06-reference

ship30for30 how to avoid ai slop

2026-06-11·reference·source: Ship30for30·by Dickie Bush & Nicolas Cole
writing-craftai-writingvoicecontent-qualitysanity-check-voice-study

"how to avoid AI slop" — Dickie Bush & Nicolas Cole

Why this is in the vault

Concise diagnosis of why AI-generated content fails — and four writing fundamentals that make any AI-assisted work actually good — directly applicable to Sanity Check's voice standards.

⚠️ Sponsorship

Self-promotion for Ship 30 for 30's "Start Writing Online Sprint" ($99 with waitlist discount, closes June 12, 2026). The writing frameworks serve as the sprint's curriculum preview. The pitch is present but secondary to the substantive content.

The core argument

Most people think AI lets them skip learning to write. It doesn't — it amplifies the gap. The metaphor: AI is the first-chair violinist; you are the orchestra conductor. If you can't articulate what you want, the output is generic by construction. AI recombines what already exists; it cannot supply your specific take, your stories, or your point of view.

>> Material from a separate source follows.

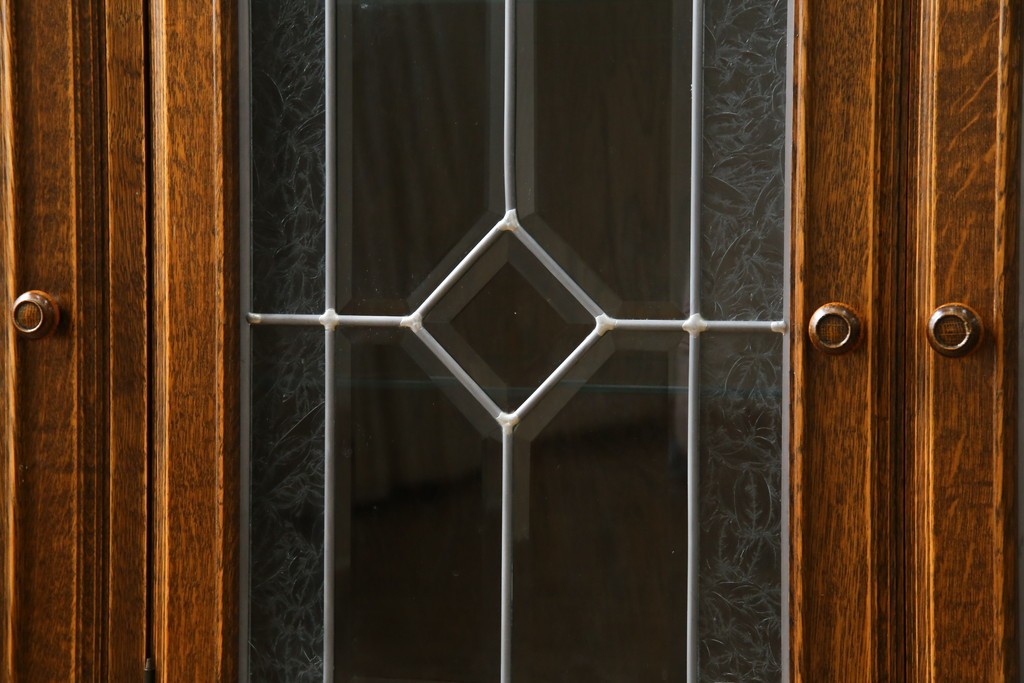 中古　美品　三越家具(現カントリーハウス)　Brugge(ブルージュ)　素材の美しさが引き立つステンドグラス入りのサイドボード　(R-087478)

Four fundamentals that separate readable writing from AI slop:

  1. Hook that stops the scroll. The first line is the entire game. Generic openers ("consistency is everything") are invisible. A specific, unexpected, or contrarian first line is what earns the second.

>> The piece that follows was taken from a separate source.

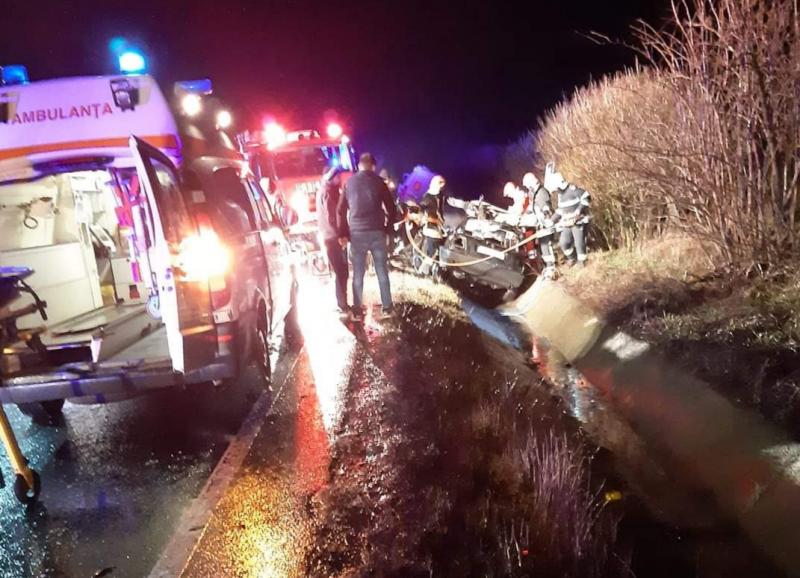 GRAV accident rutier pe drumul Arad-Oradea, vineri seara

  2. Your voice. AI sounds like everyone. Your writing sounds like you — your word choices, your cadence, your references. Voice cannot be delegated; it can only be directed into the AI via clear instructions.

  3. Clear writing + original thinking. Strip the emoji bullets and what remains? Recycled platitudes with no point of view. AI remixes; it cannot originate your take. Clarity of thinking precedes clarity of writing, and both precede quality output.

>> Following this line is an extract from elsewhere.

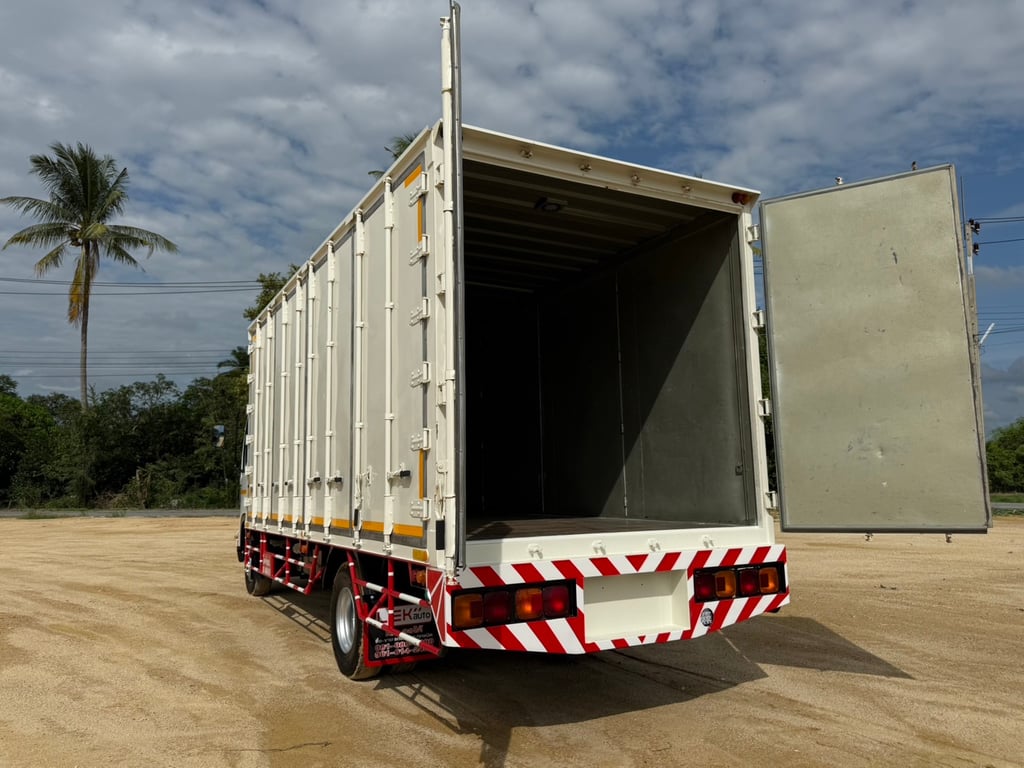  📣📣ISUZU FRR210HP ตู้10บาน ปี64  ✅ไมล์ 160,000  KM.  ✅ตู้ยาว 5.80 ยาวใน 5.60 ม. ✅รถสวย ตู้ไม่รั่วไม่ซึมหัวสวยไม่เคยมีอุบัติเหตุ   💸ราคา 980,000 บาท  📍นครปฐม ☎098-0947203 แฮ็คส์ #แฮ็คส์รถบรรทุก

  4. Formatting for the internet. Real formatting serves comprehension — clear headers, rhythm that pulls the eye down the page. Emoji checkmarks are decoration masquerading as structure.

The corollary the email makes explicit: "you can't automate what you can't articulate." Better writing skills make you a better AI director, not a redundant one.

Mapping against Ray Data Co

This maps directly onto two RDCO surfaces:

Sanity Check newsletter: The four fundamentals are the quality bar Sanity Check already holds itself to — distinctive hook, founder voice, original data-backed take, clean formatting. The "conductor" frame is a useful internal check: before publishing any issue, ask whether the draft carries a take only Ray can offer, or whether it reads like AI remixed a headline. The voice-profile at 01-projects/sanity-check/voice-profile-2026-05-08.md operationalizes exactly this.

AI COO content production: When Ray dispatches sub-agents to draft content (X threads, newsletter intros, briefing docs), the same test applies. The conductor test — "does this reflect a direction I actually gave?" — is a lightweight QA gate before anything leaves the agent pipeline. Slop is a symptom of under-specified direction, not a model quality problem.

The Ship30 framing also reinforces why RDCO's content quality bar ("no slop cannon") is a competitive moat as AI-generated noise floods every feed. Distinctiveness compounds.